Last month Sylvia Ng, VP of Growth and Analytics at ScribbleLive, sat down with Jason Miller at the 2015 Digital Media Summit in Toronto.
Jason Miller describes himself as a “tech blogger and social media strategist by day, and a rock ‘n’ roll photographer by night.” He is also the author of the #1 Amazon Best Selling Book, Welcome to the Funnel, was named one of the world’s top 40 social marketing talents by Forbes, is a contributing author at several top marketing blogs, and is currently the Senior Content Marketing Manager at LinkedIn. At the Summit, Miller delivered the keynote presentation entitled “How to Achieve Face-Melting Content Marketing ROI.”
Sylvia caught up with Miller to discuss thought leadership, disrupting the conversation, and why KISS translates into the ultimate content marketing metaphor. Below we’ve compiled highlights from the interview into actionable marketing tips and advice, as well as colourful commentary on the current content marketing landscape.
1. Be More Like The Clash
What is your advice for marketing leaders doing content marketing?

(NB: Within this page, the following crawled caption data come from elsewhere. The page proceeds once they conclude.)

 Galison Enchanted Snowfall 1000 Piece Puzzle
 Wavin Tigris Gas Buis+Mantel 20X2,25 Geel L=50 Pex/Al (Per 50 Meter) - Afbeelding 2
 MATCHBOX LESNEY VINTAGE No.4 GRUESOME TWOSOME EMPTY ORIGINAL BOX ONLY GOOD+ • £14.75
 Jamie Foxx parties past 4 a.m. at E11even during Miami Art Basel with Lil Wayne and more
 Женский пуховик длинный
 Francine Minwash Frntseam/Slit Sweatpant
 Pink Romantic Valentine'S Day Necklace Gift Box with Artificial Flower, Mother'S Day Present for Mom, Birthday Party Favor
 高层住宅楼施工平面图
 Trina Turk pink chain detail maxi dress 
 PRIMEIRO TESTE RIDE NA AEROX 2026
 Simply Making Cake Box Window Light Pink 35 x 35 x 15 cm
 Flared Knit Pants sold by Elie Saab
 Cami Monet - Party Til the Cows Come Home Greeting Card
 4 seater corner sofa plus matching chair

“What I’ve learned over the past four years,” explains Miller, “is there’s a real opportunity for thought leadership in marketing, right? So, the way I look at it is if you don’t differentiate your service or your brands with thought leadership, then you’re simply competing on price alone. And then what happens there is the lowest bidder wins.”
“You have to stand for something. I used this kind of punk rock analogy where it’s like the Sex Pistols and the Clash are two of the biggest punk rock bands of all time. The Sex Pistols came out with their own record and they disintegrated. They crumbled in on themselves if you will. the Clash, on the other hand, became this leader with a decade-long career across genres,” explains Miller. “The idea is that the Clash knew what they stood for. They stood against inequality and they aligned their punk rock message to that. Meanwhile the Sex Pistols just wanted to throw a brick at your head, right? They wanted anarchy. That didn’t last very long.”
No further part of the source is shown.